Мы шли грустные, обошли piazza Indipendenza и подошли к дверям моего дома. Ключ плохо слушался его руки, и он вынул его, не открыв дверь, и сказал: пройдемтесь еще. Нам не хотелось расставаться так, нам было слишком грустно, и мы пошли, и мы говорили о своей дружбы <так!>. Он сказал: «У Греков был обычай при закладке здания прекрасного зарывать под фундамент что-нибудь драгоценное, иногда даже человеческую жертву. Заложим и мы под фундамент нашей дружбы нечто драгоценное <так!>. Я чувствую к Вам больше дружбы, я определю это слово нежностью, т. к. это не любовь!» Я сказала, что тоже могу дать больше дружбы, и мы снова грустно улыбнулись, взглянув в глаза друг друга. Месяц светил так тускло, листья с деревьев на площади мялись беспомощно под ногами на сырых камнях. Во всем воздухе, казалось, была разлита меланхолия, тихая, немножко нежная, но какая-то беспомощная и безнадежная.

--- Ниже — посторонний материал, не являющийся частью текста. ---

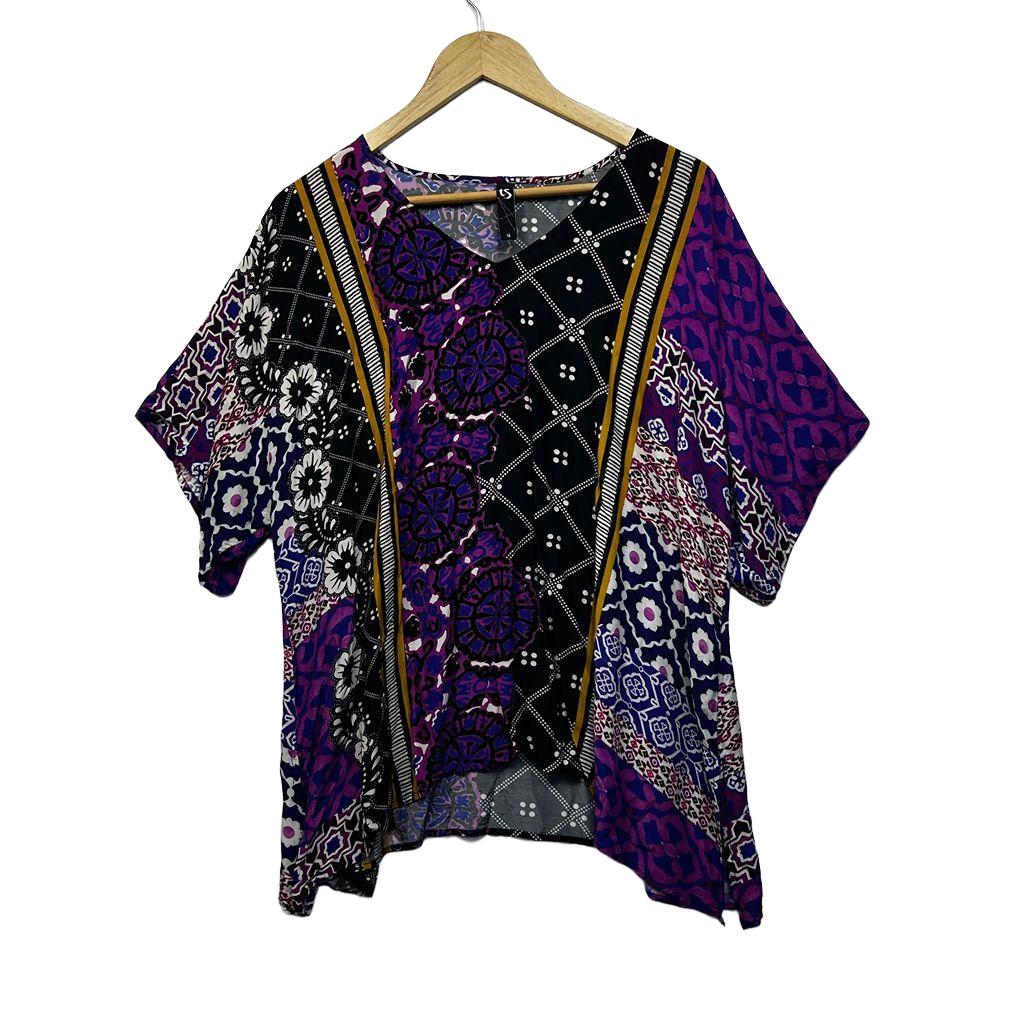 Taking Shape Top - Size 16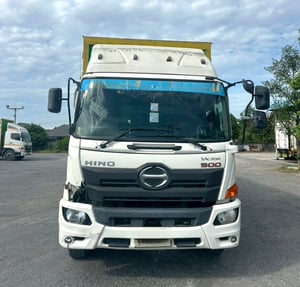 🔥 ขายตัด! ใครช้าคือพลาด ☎️โทรเลยตอนนี้ 061-09094999 หกล้อตู้สิบบาน HINO FG8J 240 แรงม้า ปี 59 (3446) 🔥 ขายตัด! ใครช้าคือพลาด ☎️โทรเลยตอนนี้ 061-09094999 หกล้อตู้สิบบาน HINO FG8J 240 แรงม้า ปี 59 (3446)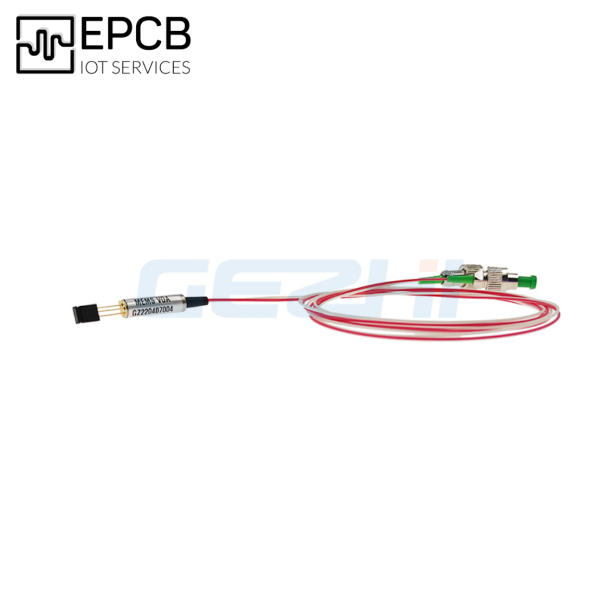 MEMS Optical Switch device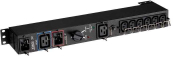 Байпас Eaton HotSwap MBP IEC (MBP3KI) 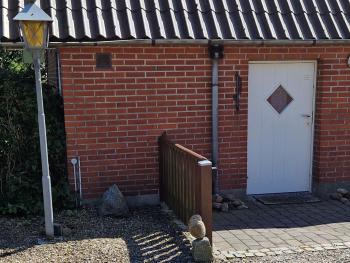 Lilleledgaard studio, Ringkøbing (foto 2)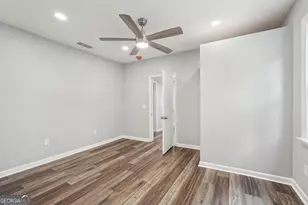 399 N Chestatee St, Dahlonega, GA 30533 - Photo 26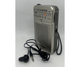 Радиоприемник Panasonic RF-P50DGC-S - изображение 3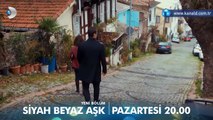 Siyah Beyaz Aşk 11. Bölüm Fragmanı - 2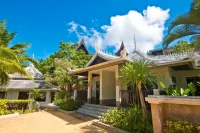 Anyavee Tubkaek Beach Resort Hotell i 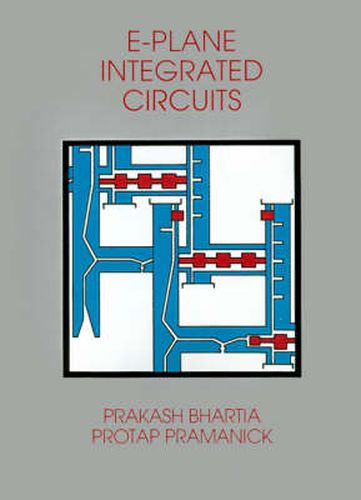 Cover image for E-plane Integrated Circuits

Такая же меланхолия наполняла и нас. Мы вновь подошли к моей двери. Ключ вновь заупрямился, но мы не торопились, мы ничего не говорили, но оба знали, что обоим как-то невольно хотелось продлить еще одно и еще одно мгновение этой меланхолической ночной прогулки. Я пришла к себе и села. Я села на пол у своей кровати. Сердце во мне щемило, но не так, как бывало, со страстью и с болью почти невыносимой. Это тоже было тихое, меланхолическое страдание. Я не знаю, сколько времени я сидела так, и думала, и думала. Я думала о том, как грустно быть «художественной» натурой, как грустно встретиться с другой «художественной» натурой и засветиться для него костром, который не мешает ему видеть луну. <…>

Для Лидии новые чувства неразрывно связаны с размышлениями о жизни, красоте, борьбе духа с пошлым и низменным, которым переполнена окружающая действительность. Есть ли выход из этого противоречия?

«Зачем эта нелогичность в создании мира. Безобразие, жестокость, мелочность, плоскость вокруг, и ясное сознание и страстная жажда высокого, цельного, полного, прекрасного в душе? В этом самый мрачный трагизм жизни. Борьба духа и тела. Неестественная, изнурительная борьба. Дух видит всю уродливость, грязь, слабость, жалкую беспомощность тела, и страдает, и рвется, но куда ему уйти, когда он таинственно и неразрывно связан с этим телом, когда это тело – жизнь его и вместе с тем и смерть его. И в этом всё зло».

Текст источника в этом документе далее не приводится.